Notant que, malgré ce que l’on pouvait penser de Trump, il avait néanmoins été élu, Kovalik a déclaré: « Voilà le FBI, très bientôt – peu de temps après l’inauguration de Trump – il a essayé de trouver un moyen de le renvoyer. Je veux dire, il faut que les gens s’inquiètent de ceci: vous avez une agence de renseignement qui pense pouvoir décider qui est le président des États-Unis des Etats-Unis d’Amérique! C’est très troublant. »

« Ce qui est vraiment troublant ici, c’est que le FBI devrait être un agent de nos élus; ils devraient être gouvernés par nos élus et tenus responsables devant le peuple des Etats-Unis d’Amérique de cette manière. Ici, le FBI décide, encore une fois, d’essayer de faire dérailler les campagnes des gens, et ensuite, une fois qu’ils sont élus, essayer de les renverser… cela devrait préoccuper tous ceux qui se soucient de notre constitution, de la démocratie, car la vérité est: s’ils le feraient à Donald Trump, ils le feraient certainement à quelqu’un que ceux d’entre nous à gauche aimeraient plus. »

Kovalik a déclaré qu’il était « contradictoire » de soutenir un coup d’Etat contre un dirigeant élu démocratiquement et d’affirmer ensuite que vous soutenez les valeurs démocratiques. « Cela n’a rien de démocratique et les personnes impliquées dans une telle affaire pourraient probablement être jugées pour trahison », a déclaré l’avocat.

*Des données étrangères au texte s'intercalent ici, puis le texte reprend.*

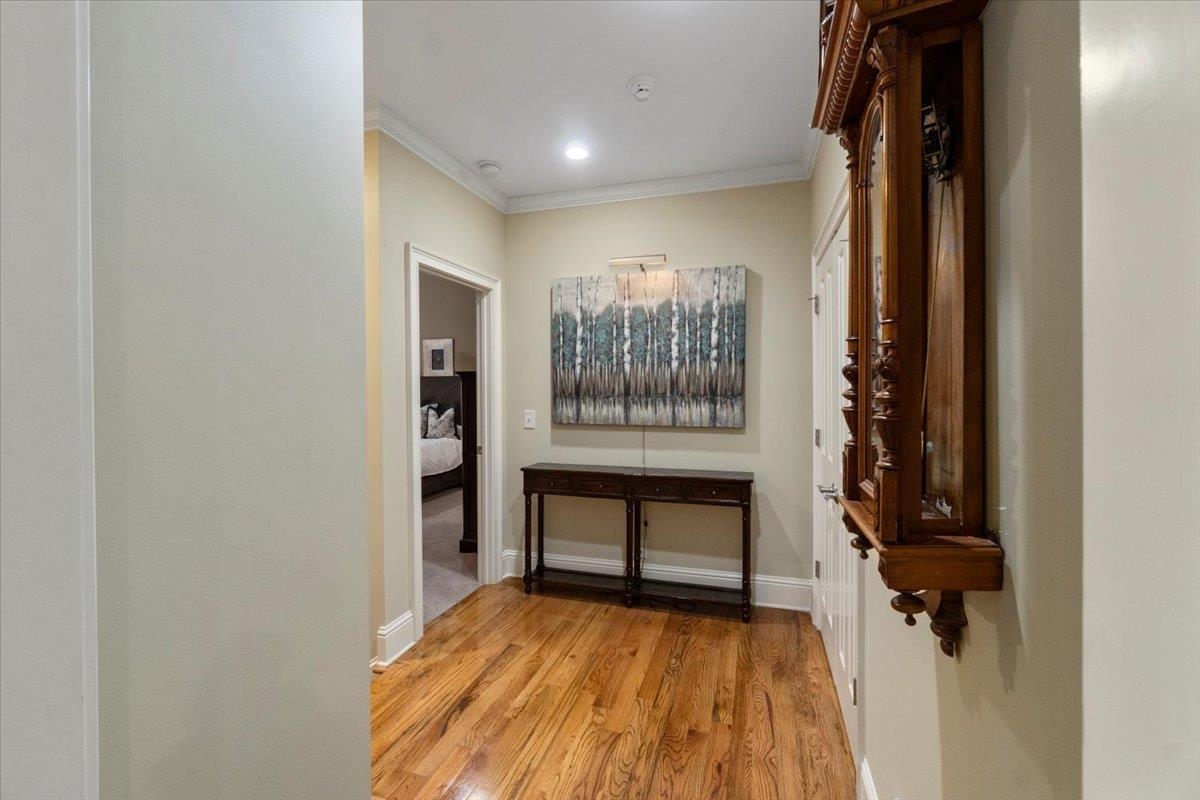1020 HOMESTEAD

Kiriakou a rappelé qu’en janvier 2017, avant même que Trump soit assermenté, le chef de la minorité du Sénat, Chuck Schumer (D-NY), avait averti le président élu que « si vous vous attaquez à la communauté du renseignement, elle a six moyens à partir de dimanche pour s’en prendre à vous « , après que Trump ait rejeté les évaluations des services de renseignement des Etats-Unis d’Amérique qui ont conduit à l’enquête Russiagate.

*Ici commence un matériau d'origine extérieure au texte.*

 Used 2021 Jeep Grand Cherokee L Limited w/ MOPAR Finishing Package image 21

Kovalik a déploré qu’aujourd’hui, les gens « semblent d’accord avec les services de renseignement pour faire ce genre de choses et assumer des pouvoirs qui, encore une fois, ne devraient être accordés qu’à nos élus. Les gens sont en train de romancer des personnes comme James Comey – pour moi c’est très effrayant, parce que cela veut dire que vous ne verrez probablement pas un autre comité de type Frank Church », a-t-il déclaré, rappelant le sénateur démocrate qui dirigeait une initiative menée en 1975 pour enquêter sur l’abus de pouvoir de plusieurs agences de renseignement quelques années seulement après le décès du directeur du FBI, âgé de 50 ans J. Edgar Hoover, dont la longue carrière a été riche en espionnage et répression des mouvements dissidents aux États-Unis d’Amérique, des communistes aux militants syndicaux en passant par les défenseurs des droits civils. Les efforts de Church ont abouti à la création du Comité spécial du renseignement du Sénat des États-Unis d’Amérique en 1976, qui assure la surveillance législative de la communauté du renseignement.

« Cela va continuer, et encore une fois, cela va faire, ça va enlever les gens en qui nous croyons et qu’ils défient l’Etat. C’est comme ça que ça se passe », a déclaré Kovalik.